What do the names Truman, Goldwater, Fulbright and Churchill have in common? They are all names of famous people but, more importantly, they are also fellowships offered at our university.

With recent increases in tuition not only at UR but also elsewhere, the importance of these financial gifts is unquestionable.

At UR and other universities, these fellowships are only accessible to American citizens or permanent residents. In other words, all international students are ineligible for various fellowships. This was the cold fact I had to realize when I went to an “Information Session” on fellowships earlier this semester.

At best, international students can participate in essay writing contests which offer a meager maximum cash prize of $5,000.

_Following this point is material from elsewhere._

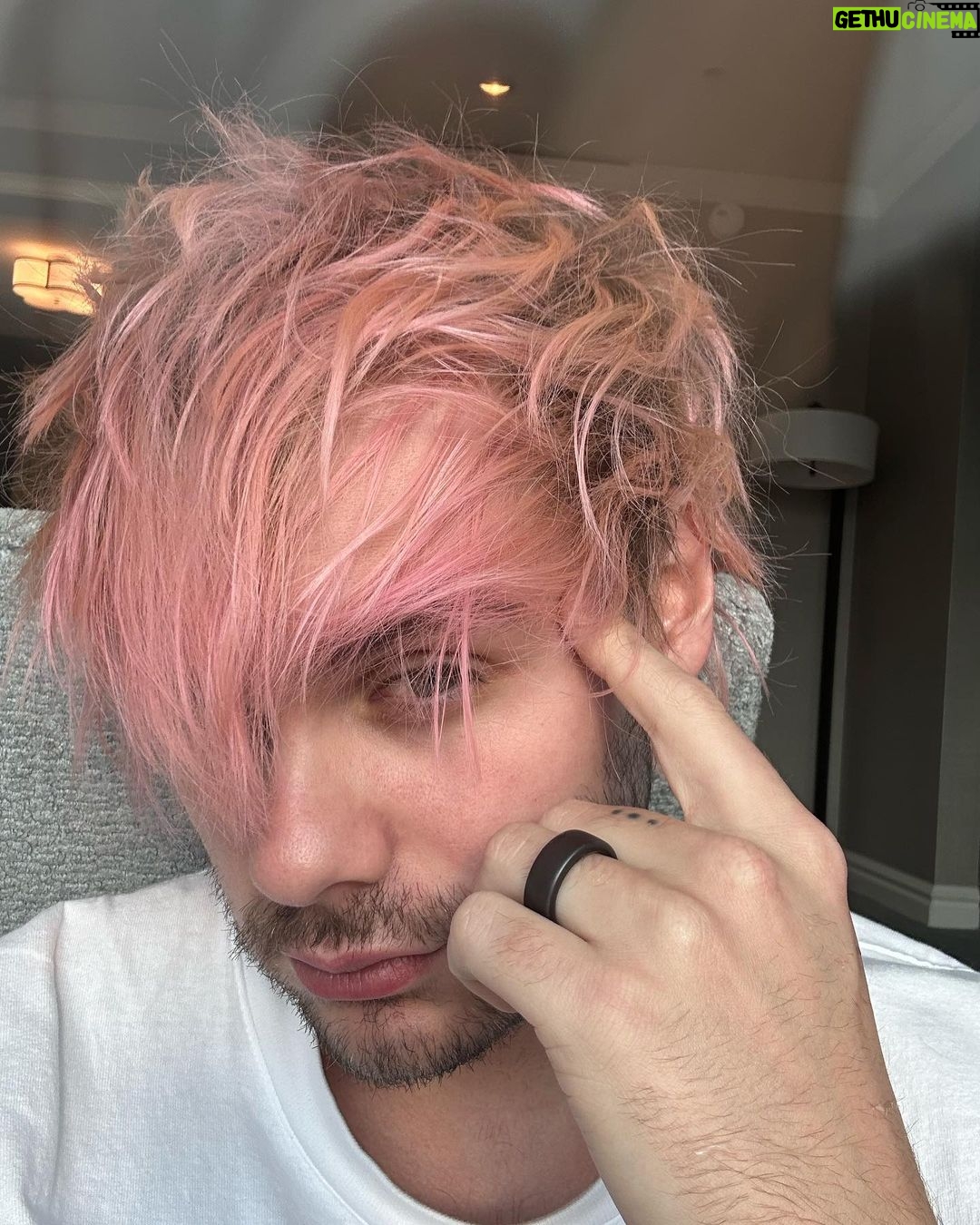 Michael Clifford Instagram - in my broken front camera myspace era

I say “meager” only because it covers a small fraction of tuition rates in most American universities.

Why can’t international students with the same or better qualifications than American citizens apply for the fellowships?

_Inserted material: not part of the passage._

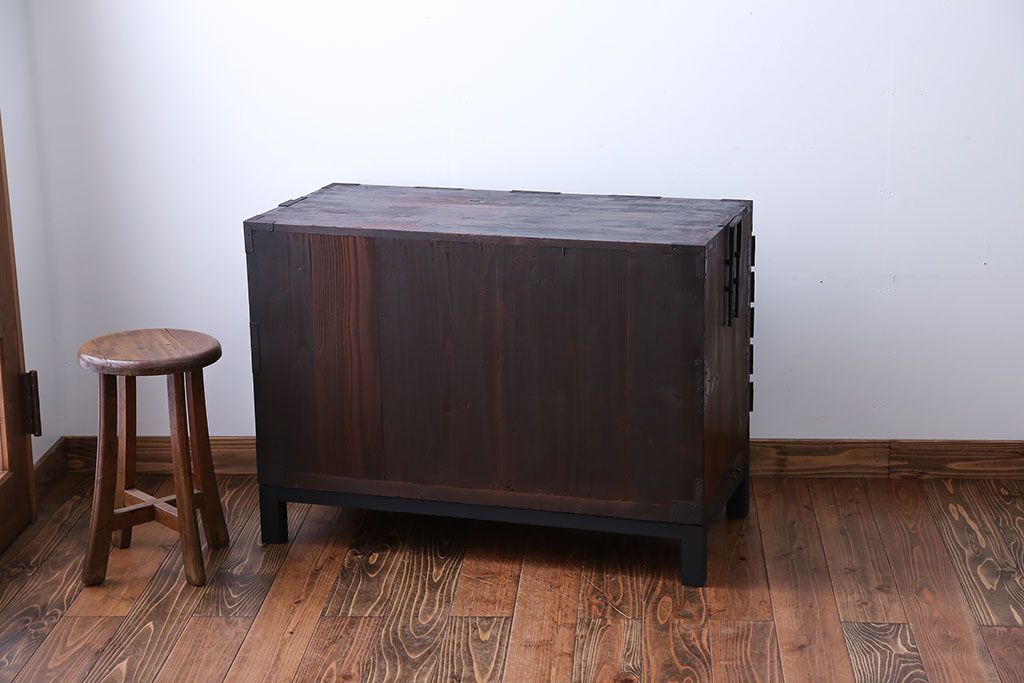 アンティーク家具　脚付き　観音開き時代箪笥ローボード(2)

Students shouldn’t obtain privileges only because of their minority status. The student should only get the privileges if he or she is qualified for them.

While it might give hope for other students of the minority, this hope is false. Other members of underrepresented groups will feel that just from being part of the minority, they can reap the benefits.

With this sort of effect, we gain “not-up-to-it” international students while losing competent American citizens.

On top of the normal costs of tuition and board, international students also endure travel costs – an expensive extra burden.

In addition, consider that on average American families are wealthier than families of international students.

Therefore, while the dollar costs may be the same, the financial load experienced by international students is larger compared to that felt by U.S. citizens.

Moreover, the fact that there are international students who can adapt to completely different lifestyles and balance academics and athletics effectively shows that they are highly motivated and adept.

Lastly, international students, with their diverse backgrounds, also tend to add a whole new dimension to any aspect of life whether it be academic or social.

The fact that international students are unjustifiably denied the right to even apply for fellowships is depressing as it discourages genuinely determined and talented students. If American universities want to achieve true cultural and intellectual diversity, they must get rid of the “uni” in “university.”